Random baseline: ~0.54 (expected MSE for random values in [-1, 1]).

6. Bond Angle  \(w_{\theta} = 0.5\)

MSE on cosines of Cα–Cα–Cα bond angles for consecutive triplets:

$$\mathcal{L}_{\theta} = \frac{1}{L-2} \sum_{i=1}^{L-2} \left( \cos\hat{\theta}_i - \cos\theta_i \right)^2, \quad \cos\theta_i = \frac{(\hat{x}_{i+1} - \hat{x}_i) \cdot (\hat{x}_{i+2} - \hat{x}_{i+1})}{\| \hat{x}_{i+1} - \hat{x}_i \| \| \hat{x}_{i+2} - \hat{x}_{i+1} \|}$$

The ideal Cα–Cα–Cα angle in proteins is ~120° (\(\cos\theta \approx -0.5\)). Working in cosine space avoids discontinuities at 0°/360°.

Random baseline: ~0.70. Below 0.1 indicates correct backbone angles.

7. Auxiliary Distance Cross-Entropy  \(w_{\text{aux}} = 0.0\) (disabled)

Cross-entropy loss on binned pairwise distances, predicted by a DistanceHead MLP from the detached pair representation:

$$\mathcal{L}_{\text{aux}} = -\frac{1}{|\mathcal{M}'|} \sum_{(i,j) \in \mathcal{M}'} \log p_{ij}\big[\text{bin}(d_{ij})\big], \quad \text{bin}(d) = \left\lfloor \frac{d - d_{\min}}{\Delta} \right\rfloor, \quad \Delta = \frac{d_{\max} - d_{\min}}{N_{\text{bins}}}$$

Parameters: \(N_{\text{bins}} = 96\), \(d_{\min} = 2\)Å, \(d_{\max} = 40\)Å, \(\Delta = 0.396\)Å/bin. Distances are computed in real space (\(d_{ij} = R_g \cdot \|x_i - x_j\|\)) then binned. Only pairs within \(d_{\max}\) are included.

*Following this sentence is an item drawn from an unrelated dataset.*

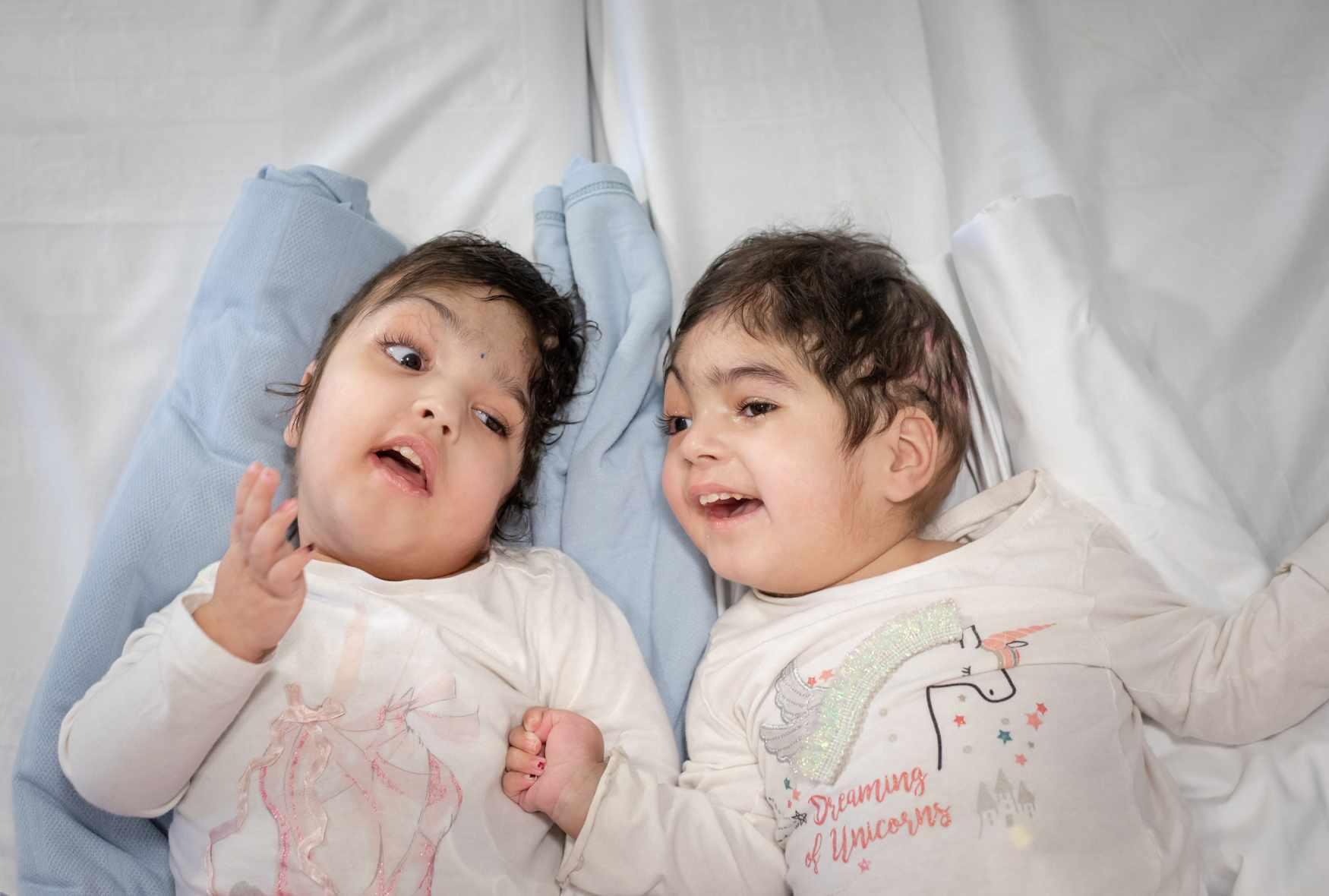 Twin sisters smile together following separation surgery.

The pair representation is detached before entering the DistanceHead, meaning aux gradients train only the MLP head, not the pair stack. This is critical — an earlier experiment without detach caused exponential divergence (see incident report in Training tab).

Random baseline: \(\ln(96) = 4.56\). A uniform predictor assigns \(1/96\) to each bin, giving \(-\ln(1/96) = \ln(96)\). Weight history: 0.3 (E1–E13) → 0.03 (E14) → 0.0 (E15+, disabled). Disabled because the pair representation evolves via structural losses while the DistanceHead observes it through a stop-gradient wall, causing irrecoverable feature drift and exponential CE divergence. Still computed and logged as a diagnostic.

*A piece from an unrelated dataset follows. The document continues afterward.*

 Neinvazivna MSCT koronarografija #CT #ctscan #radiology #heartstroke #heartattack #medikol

8. Clash Loss  \(w_{\text{clash}} = 0.0\) (disabled)

Contact-guided steric clash penalty on non-bonded atoms closer than 3.0Å:

$$\mathcal{L}_{\text{clash}} = \frac{1}{|\mathcal{N}|} \sum_{(i,j) \in \mathcal{N}} \left[ (1 + 2 \cdot c_{ij}) \cdot \text{ReLU}(3.0 - d_{ij}) \right]^2$$

where \(\mathcal{N}\) is the set of non-bonded pairs (\(|i - j| > 1\)), \(c_{ij}\) is the predicted contact probability (detached), and \(d_{ij}\) is the Rg-normalized distance.

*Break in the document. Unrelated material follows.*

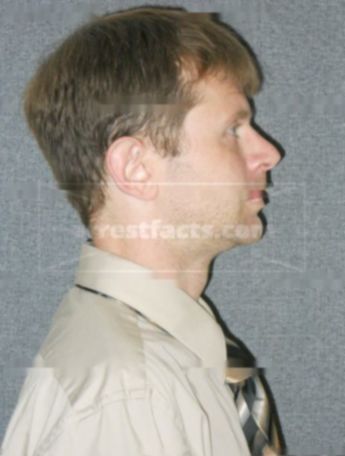 Michael D Ruckert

Why disabled: The 3.0Å threshold is applied in Rg-normalized coordinates, but for a typical protein with \(R_g \approx 10\)Å, this maps to \(3.0 \times 10 = 30\)Å in real space — penalizing nearly all non-bonded pairs. This produced noisy gradients that dominated ~47% of the total loss in v9, drowning the structural learning signal. Removing clash led to immediate training stability and the structural losses handle steric quality implicitly (clash decreases organically as the model generates better structures).

Training Configuration

OptimizerAdamW (\(\beta_1=0.9, \beta_2=0.999\))
Peak learning rate\(10^{-4}\)
LR schedule5-epoch linear warmup (\(0.01 \times \text{lr} \to \text{lr}\)), then CosineAnnealingWarmRestarts (\(T_0 = 15\) epochs, \(\eta_{\min} = 10^{-5}\))
Batch size8 (grad accumulation = 2, effective = 16)
Mixed precisionAMP with GradScaler, \(\texttt{dx\_clamp} = 0.5\)
EMADecay = 0.999, used for DDIM evaluation
Self-conditioning50% probability during training
Early stoppingPatience = 15 epochs on val structural loss (excludes aux_dist_ce)
DDIM evaluation50 steps, every 3 epochs, using EMA weights
HardwareSingle NVIDIA A40 (48 GB), ~15 min/epoch
DatasetCATH 4.3: 18,024 train / 608 val, max 125 residues

DDIM Evaluation Metrics

Every 3 epochs, we generate structures via 50-step DDIM sampling using EMA weights and evaluate against ground truth:

  • TM-score (Template Modeling): Global fold similarity, range [0, 1]. Scores > 0.17 indicate the same fold; > 0.5 is the same topology. Random structures score ~0.10.
  • RMSD (Root Mean Square Deviation): Average atomic displacement after optimal superposition. Random placement gives ~15–16Å. Below 5Å is high quality.
  • GDT (Global Distance Test): Fraction of residues within 1–8Å of the true position. Random gives ~3–4%.